🦅 EagleX v2 : Soaring past LLaMA2 7B in both English and Multi-lang evals (RWKV-v5)

You have seen the teaser with the EagleX 1.7T, now its here - the definitive version of linear transformer trained past, LLaMA 2 7B.

Apr 18, 2024

EagleX v2 - in short

We extended the training of the previous Eagle 7B from 1.1 Trillion tokens to 2.25 Trillion tokens.

A continuation based on the original Eagle 7B model,
and the EagleX 1.7T model
Ranks as the world’s greenest 7B model (per token)
Trained on 2.25 Trillion tokens across 100+ languages
Outperforms all 7B class models in multi-lingual benchmarks
Passes LLaMA2 (2T) in multiple English evals, approaches Mistral (>2T?)
All while being an “Attention-Free Transformer”

We are releasing RWKV-v5 Eagle v2, licensed under Apache 2.0, which can be used personally or commercially without restrictions.

Download from HuggingFace
Try it online today on: recursal.ai cloud platform
Try on: our HF gradio demo
Use our reference pip inference package, or any other community inference options (Desktop App, RWKV.cpp, etc), and use it anywhere (even locally)
Fine-tune using our Infctx trainer
[Pending PR] Get support merged into Huggingface transformers!
All eval data can be found in the google sheet here

Building on bold claims

The original EagleX 7B 1.7T, trained by Recursal AI, made history as the first sub-quadratic model, to pass llama2 7B 2T on average in English eval.

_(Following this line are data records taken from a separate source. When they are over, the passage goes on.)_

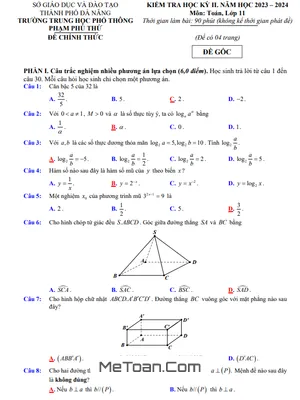 Đề học kỳ 2 Toán 11 năm 2023 - 2024 trường THPT Phạm Phú Thứ - Đà Nẵng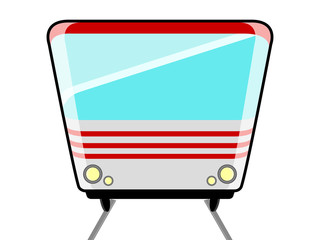 Front view of a cartoon train. Vector illustration design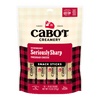 A package of Cabot Creamery Seriously Sharp Cheddar Cheese features ten individually wrapped cheese snack sticks with bold cheddar flavor and a red and black plaid design.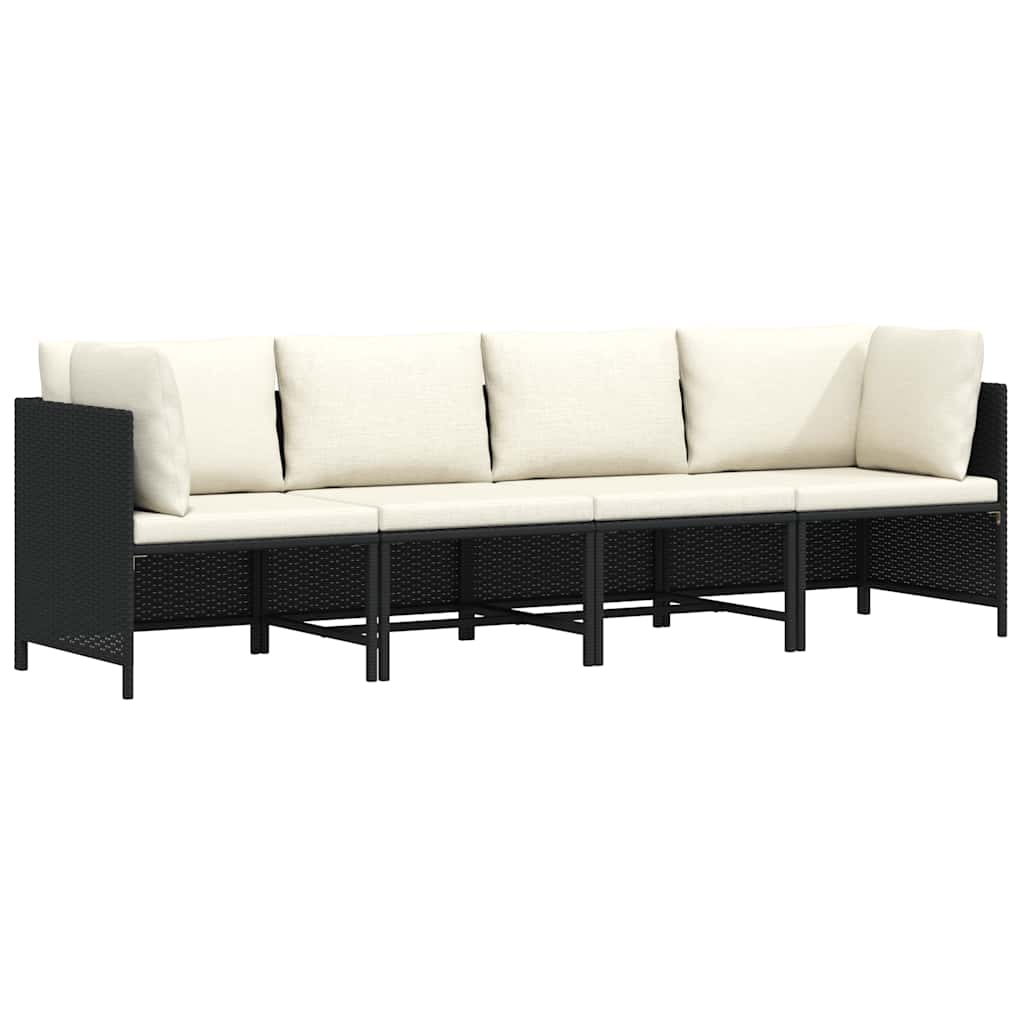 Hjørnedel Til Sofa Med Hynder Polyrattan - Sort / 4-personers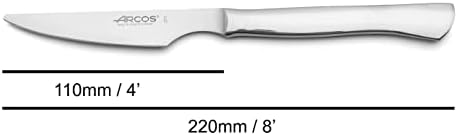 סכיני שולחן ארקוס - סכין שולחן סכין סטייק - מונובלוק של נירוסטה אחת 4 - כלי מקשה אחת לחיתוך בשר צלוי, צלעות או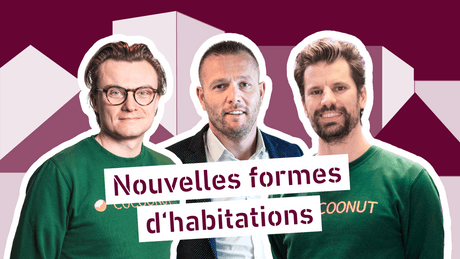 Aurélien Dobbels et Nicolas Legay, fondateurs de Cocoonut, et Jean-Nicolas Montrieux, Partner et Managing Director d’INOWAI. (Montage: Maison Moderne)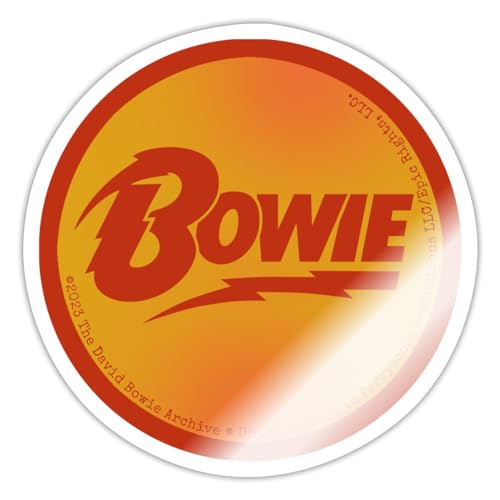Spreadshirt David Bowie Roter Schriftzug Mit Blitz Sticker, 10 x 10 cm, Weiß glänzend von Spreadshirt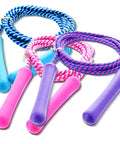 Adjustable Colorful Jump Rope 3 Pack For Kids And Teens Outdoor Indoor Fun Skipping Rope with pink, blue, purple handles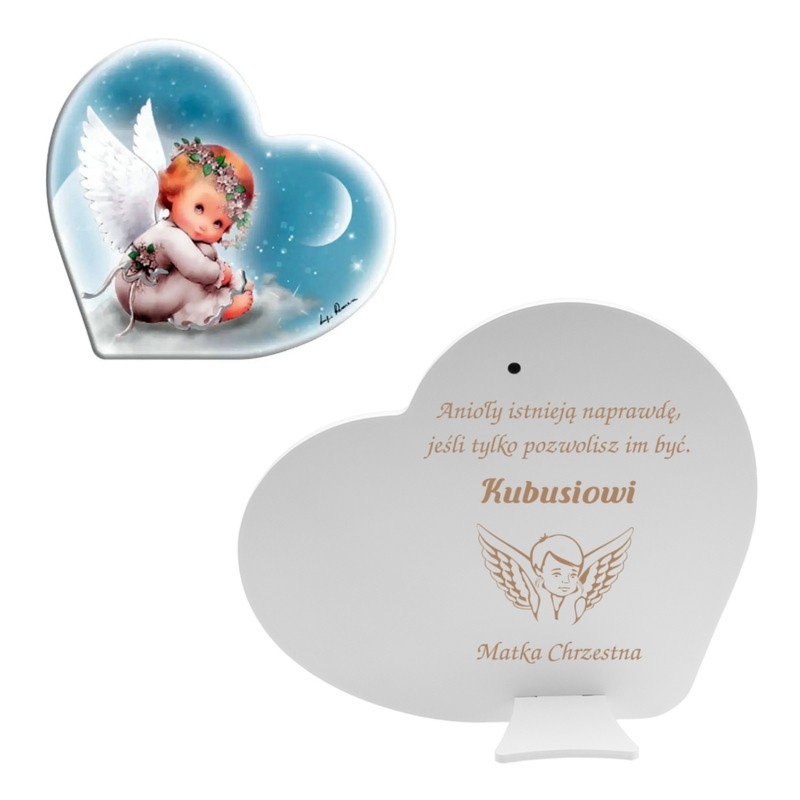 Obrazek aniołka na Chrzest Święty Estego z grawerem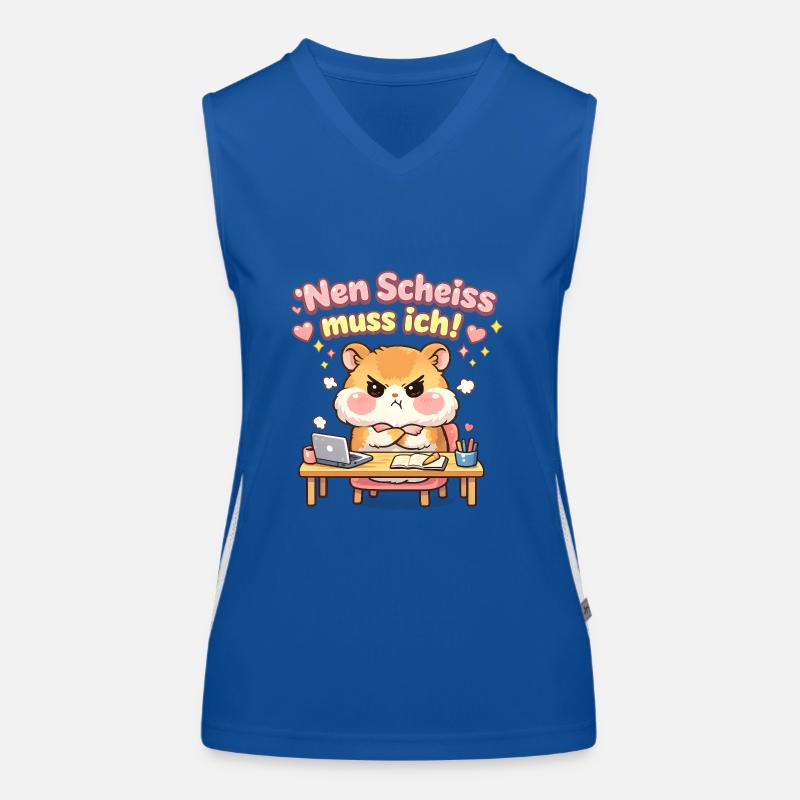 Nen scheiß muss ich Hamster Meme Statement Funktionelles Kontrast-Tank Top für Frauen
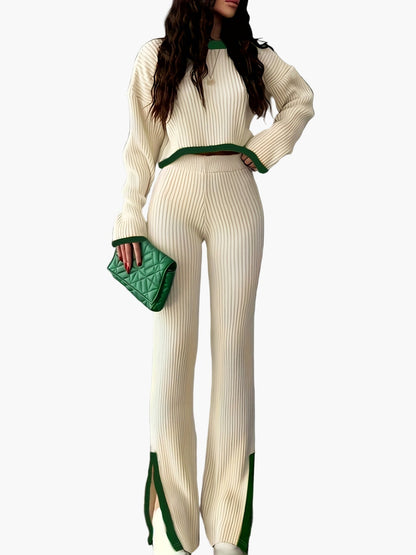 Ensemble deux pièces femme style élégant pour automne/hiver – tenue décontractée à la mode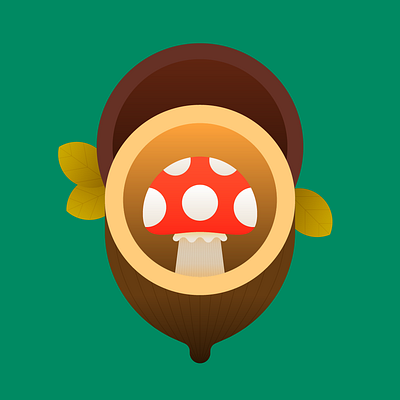 Peachtober Day 1 — Acorn acorn autumn fall illustration leaves mushroom peachtober perspective stylized vector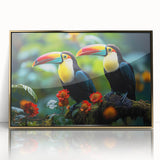 Framed wall art collection showcasing vibrant tropical birds with intricate details and a gold-acrylic finish, perfect for adding a touch of nature to home decor.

Today we are releasing the 2.25T trained variant, which furthers the gap with the llama2 model.

The following report follows the same general format of the 1.7T model release, in eval details - to make direct comparision easier.

Winning English Perplexity

We start with the basics: Perplexity. Which is the loss value against the test dataset (lower score = better), i.e. how good the model is with the next token prediction.

In a major first, the EagleX model - now passes mistral in perplexity. And takes the lead in the 7B model weight class.

Why do experts care about perplexity?
Eval in general can be very subjective, and opinion-driven, and commonly give mixed results. Perplexity in a way gives the TLDR summary for most experts to start with

Leading Multi-lang Perplexity & evals

EagleX maintains the lead for best-in-class multi-lingual performance, with the incremental improvements we’re making to the Eagle line of models.

Most of the tasks here are common sense reasoning tests of a wide variety of formats, across languages including 23 of the world’s most widely used languages.

For the remaining languages, we urge the community to test and judge them themselves, over 100+ languages were trained. Over time, we would want more languages to be added to evals.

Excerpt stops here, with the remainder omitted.